I'll put some pics up if I can figure out how to do it. (I'm old and a bit senile) I don't even know if I spelled "senile" correctly LOL.
"*

Ha Ha....


----------



## renn90

That's hilarious!


----------



## Jim

Send me the pictures if you cant figure it out and I will post them for you.

Jim


----------



## lovedr79

came across this:
https://www.armslist.com/posts/2807487/minneapolis-minnesota-antiques-for-sale--marlin-model-1895-40-82
https://www.gunauction.com/buy/12405661


----------



## HANGEYE

lovedr79 said:


> came across this:
> https://www.armslist.com/posts/2807487/minneapolis-minnesota-antiques-for-sale--marlin-model-1895-40-82
> https://www.gunauction.com/buy/12405661


Yup, thats it. The one I have looks to be in about the same shape. Looks like I made a pretty good purchase. Thanks for the info.

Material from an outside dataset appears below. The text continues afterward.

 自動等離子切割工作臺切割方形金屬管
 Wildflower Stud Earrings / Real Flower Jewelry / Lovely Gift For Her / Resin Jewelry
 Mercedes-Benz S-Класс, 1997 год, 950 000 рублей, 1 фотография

HANGEYE <--- at least I got this part right this time LOL


----------



## richg99

Well done.

I know nothing about guns and I need my spell checker (Grammarly) every day.

Ha Ha


----------



## overboard

I would say you made a pretty good deal! =D>


----------



## lovedr79

that would be sweet if yours is worth that much. i have tried a few times to get guns at auctions but the local dealers get into a pissing match and run the price up past the real value.


----------



## HANGEYE

Finally got some time to do some searching. What I found for sale ... Marlin 40-82, $7500.00. Winchester 40-82, $3495.00. A box of 20 rounds of JACKETED ammo, $81.60. A box of 20 rounds of CAST LEAD ammo, $75.00. I also found a company (Gad Custom Cartrideges) that "MAY" have a box of 20 for $40.00, if they don't have them they can make them. I'll have to give them a call. At any rate, this gun is not going to be shot very often at those prices. Im going to buy some more ammo and have some fun with it, might even use it for deer season next year. If I hit one with it, I hope I can at least salvage a sandwich out of it.

HANGEYE


----------



## Armorpl8

I wouldn't shoot it much...however.

If you really wanted to shoot it, you can form brass from 45-90. It's about $.90 each and it's made by Starline, really good stuff. All that is assuming you are a handloader with requisite dies, press, trimmer etc. If it was mine I'd clean it up real good and find a generous benefactor....and I have much of the tooling to make it go bang.


----------